▶ _What this task involves_:
Retype exactly the lines from the one containing "CD Stone Detailed Design Blouse" through the last line of the records below, including both, and leave out any pictures.

Segment Start: Data records

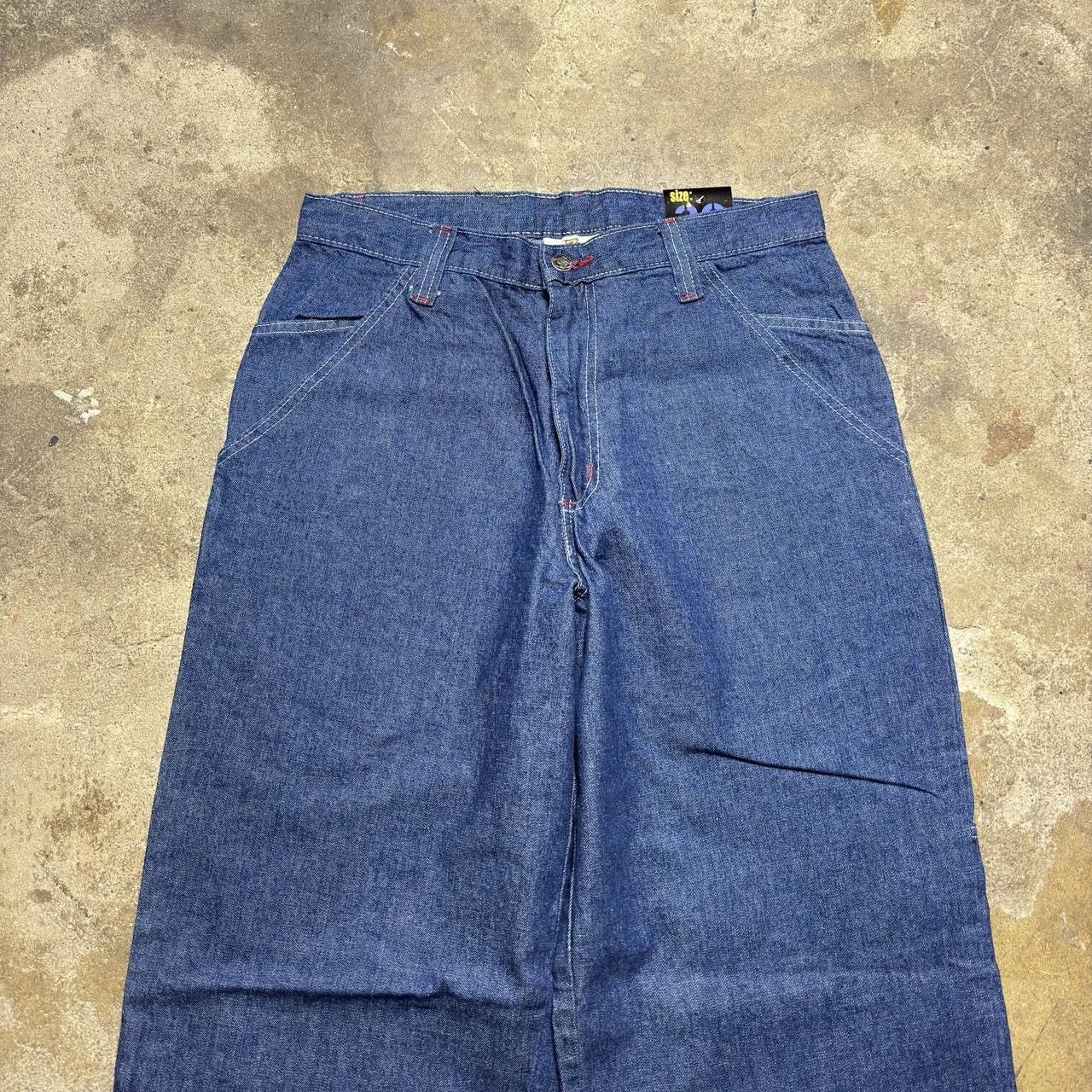 Menace 90s Menace Baggy Blue Denim Jean Size US 30 / EU 46 - 4 Thumbnail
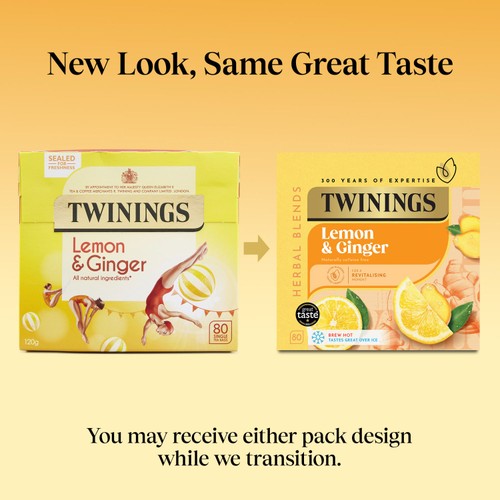 Twinings Lemon & Ginger Tea Bags 80s thumbnail 3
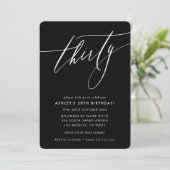 ELEGANT Calligrafieketel, stijlvol, 30e verjaardag Kaart (Staand voorkant)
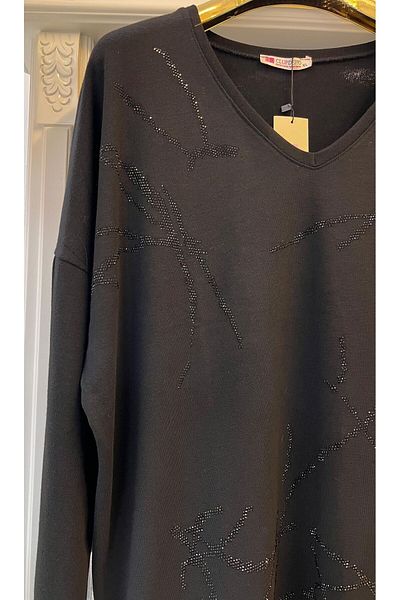 CD Stone Detailed Design Blouse
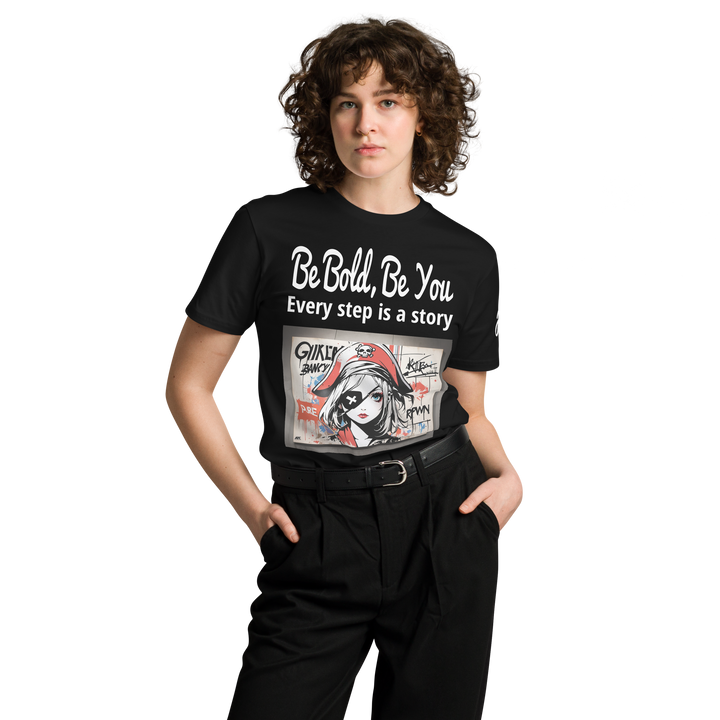 Be Bold Be you 01 Unisex premium t-shirt 03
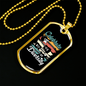 Musician Necklace Diversity Necklace Stainless Steel or 18k Gold Dog Tag 24" Chain-Express Your Love Gifts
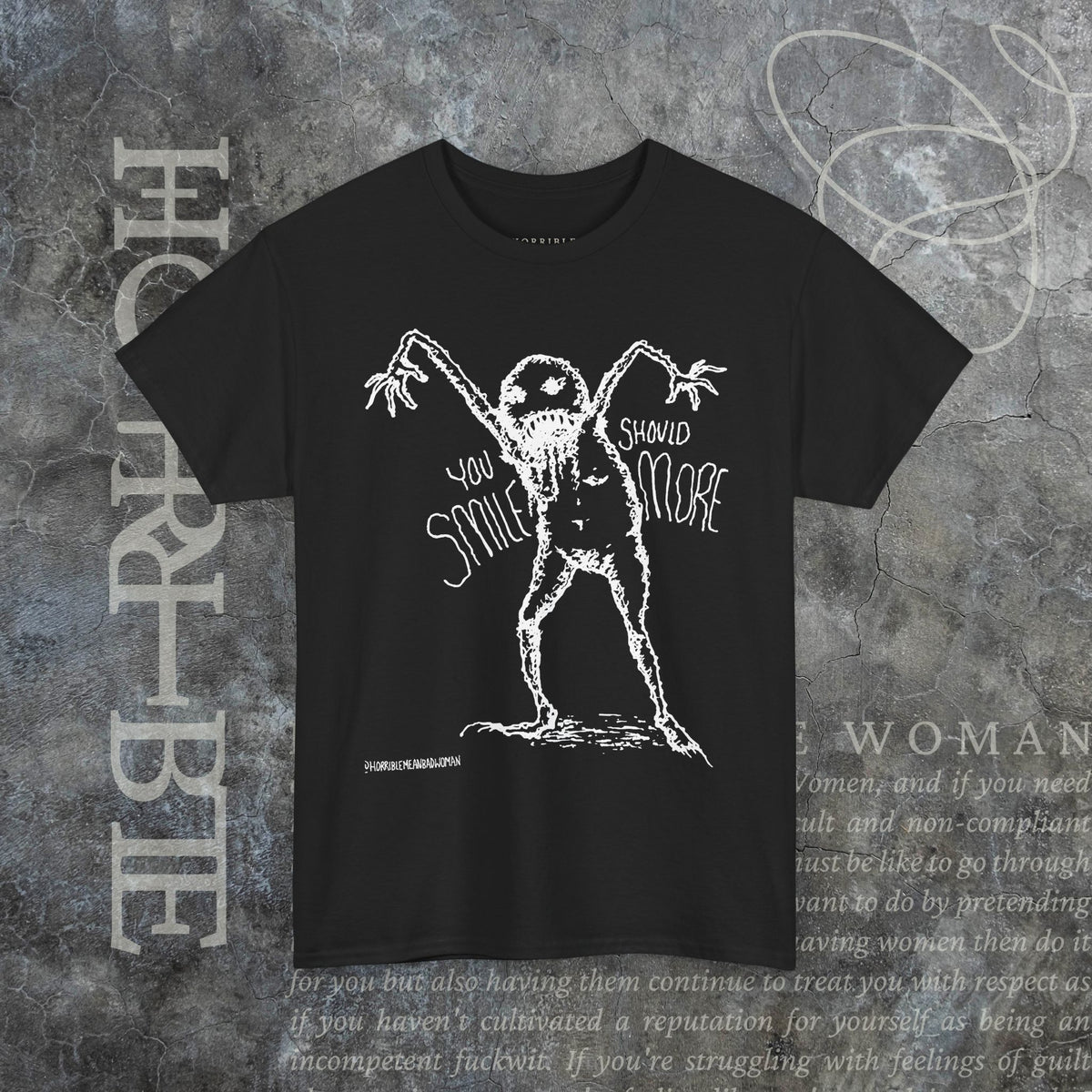 "You Should Smile More" - Heavy Cotton Tee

Segment End: Data records

▶ _Exercise solution_:
 CD Stone Detailed Design Blouse
 Be Bold Be you 01 Unisex premium t-shirt 03
 Musician Necklace Diversity Necklace Stainless Steel or 18k Gold Dog Tag 24" Chain-Express Your Love Gifts
 "You Should Smile More" - Heavy Cotton Tee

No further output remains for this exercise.